Write a Letter to Grandma and Grandpa
Okay, this one isn't my favorite. Why? Because their handwriting is messy. I "make" them write a full page and then feel like I have to point out what they need to fix before I'll mail it. That's frustrating for them AND for me. The good news is that I'm starting to just get over that. As long as I can read the words, it passes inspection.
It is easier for Ally to write a full page (she's a chatterbox), but Lee has such a hard time. I give him writing prompts. I used to write them down, but then he was writing the question and the answer - like an essay. Oops. Anyways, now I talk with him about it beforehand. I ask him what story he wants to tell Grandma and Grandpa. It can be about the kid who won't stop picking his nose in class (yeah, grosses me out too), the fact that his teacher watches shows on her computer (meh - I don't know the context, but he has mentioned it a couple of times), what he did for recess this week -- anything he can give me a few sentences about will work.
That being said, I've allowed him to "finish" his full page with a drawing. He wrote the letter. It is legible. It makes sense. Add a picture, sign, send. And the grandparents love getting their letters. That makes me look good - because they're my grandparents and I'm the black sheep of the family. Let them be impressed with the kids, I know I helped get them to that point.
With a few crayons, some markers, lined paper and construction paper there's a LOT of time-killing to be had. I prefer Crayola crayons.

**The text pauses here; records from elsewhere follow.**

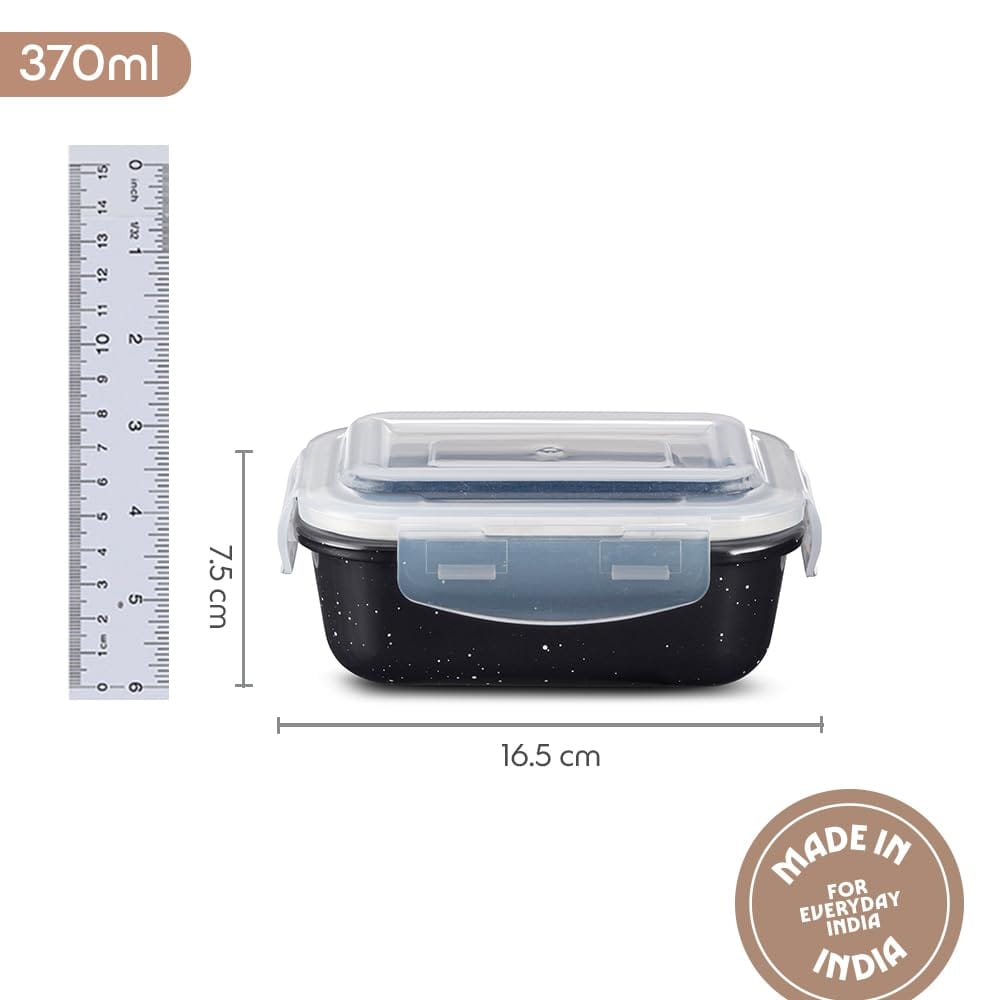 Borosil 370 ml Pebble Black Food Storage Container with Air Tight Lid | Rectangle Shape Borosilicate Glass Organiser | Microwave & Dishwasher Safe | For Fridge, Kitchen Storage view 2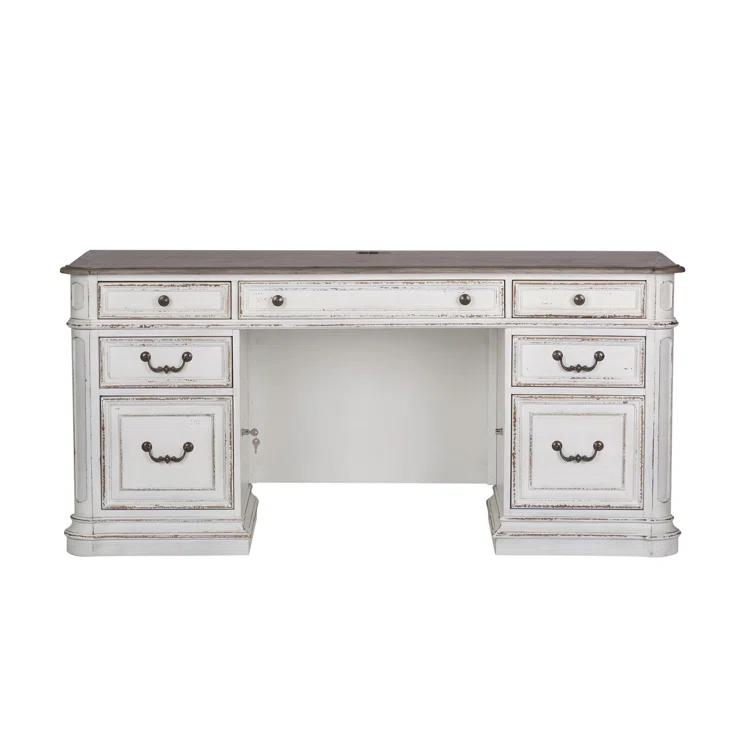 Liberty Furniture Salinas Credenza Home Office Desk with Built in Outlets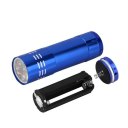 Multifunction 9 LEDs Flashlight Purple Light Aluminum Alloy Torch for Outdoor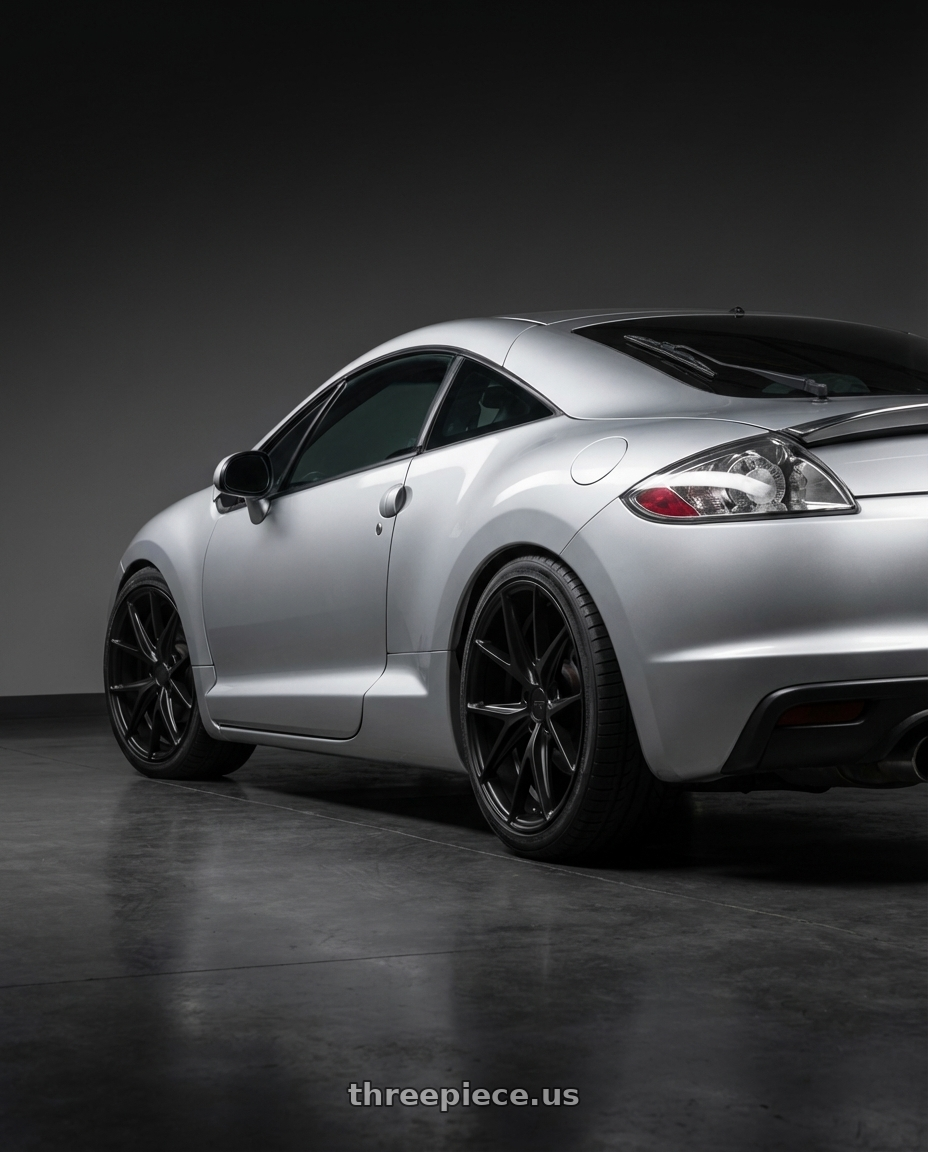 2010 Mitsubishi Eclipse with Niche 1PC M117 MISANO 5X114.3 18X9.5 +40 MATTE BLACK wheels rear three quarter view square tires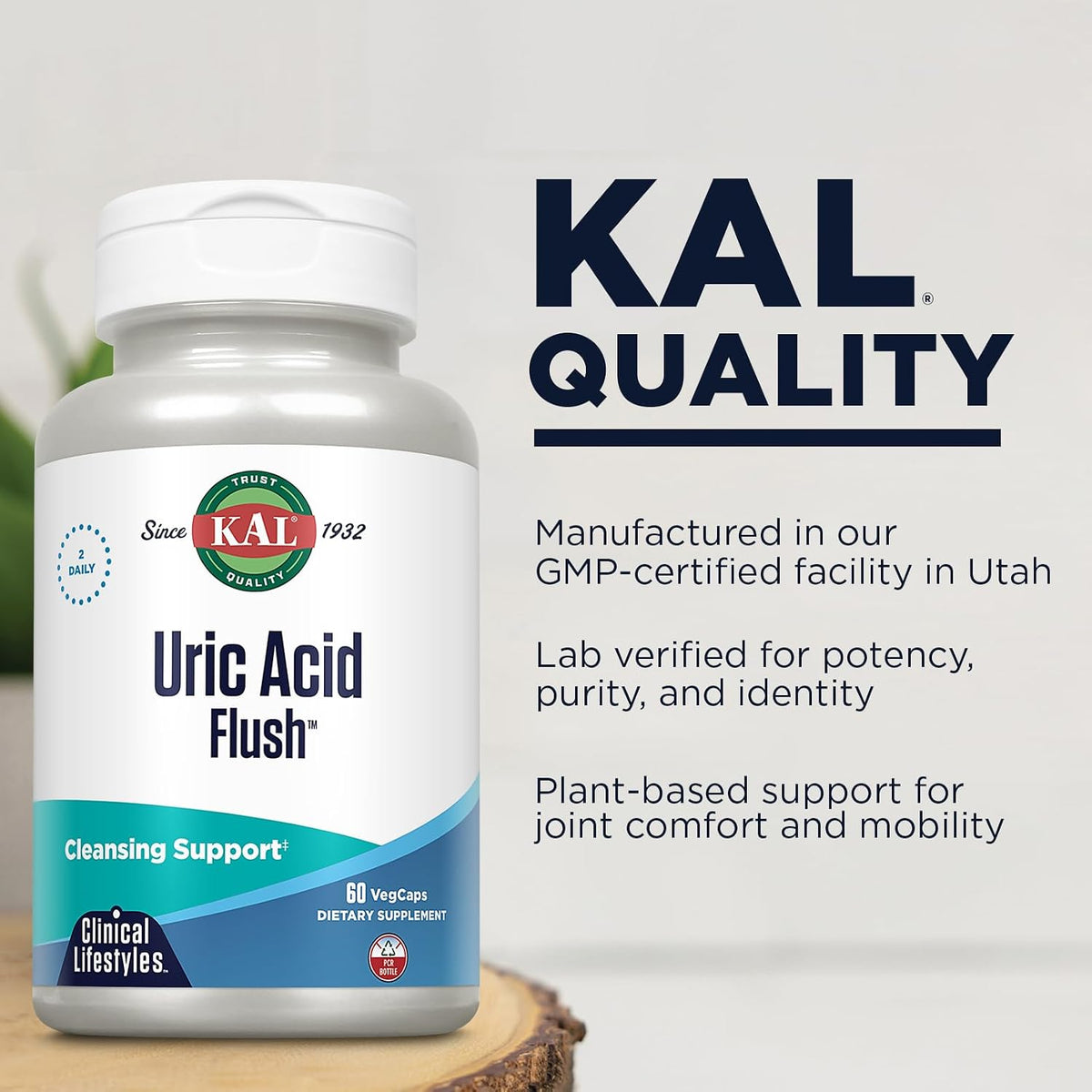 KAL Uric Acid Flush - Tart Cherry Blend, Celery Seed and More - 60 Vegetable Capsules - görsel 4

They run across the construction paper smoothly, without sliding. I don't know if it has to do with the wax content? Really, I don't know. Some of the bargain bin crayons just don't present as pretty a picture.
They've also go markers and colored pencils. I like the Twistables color pencils - no pencil sharpener required, but I don't recommend them for younger kids. It is too much fun twisting out the pencil to expect the younger set to not do it for fun and then forget to twist it back in before starting to draw. *snap* =(
Construction paper, glue sticks, kid-safe scissors. Yes, they're old enough for regular scissors - safety-wise - but the smaller ones fit their hands better.
We don't give the kids glitter. Ever. It's a big mess and three months after a glitter catastrophe, I'd still find glitter. How do I know this? Because the "no glitter" rule doesn't apply to Grandma and Grandpa. Grandma puts glitter in birthday and holiday cards. One wayward sneeze and there's a mess.
Yes, I allow the kids to play video games. I have to approve of the game and they're limited in how long they're on the devices. They each have a Nintendo DS and there's an old Gameboy and Gameboy color around. The DSs get to plug in to charge - bonus!
They can play for an hour on school days.
They can play for two hours on non-school days.
I have the right to revoke their permission to play if it is a gorgeous day outside and they should be out there.
If either one of them messes up doing the dishes so badly they have to be redone the next night, neither of them can play until dishes have been washed successfully. Seriously. I don't want to pick up Tupperware and feel grease.
When we take trips and it is going to be a long car ride, they can play their DS - as long as the volume is turned off.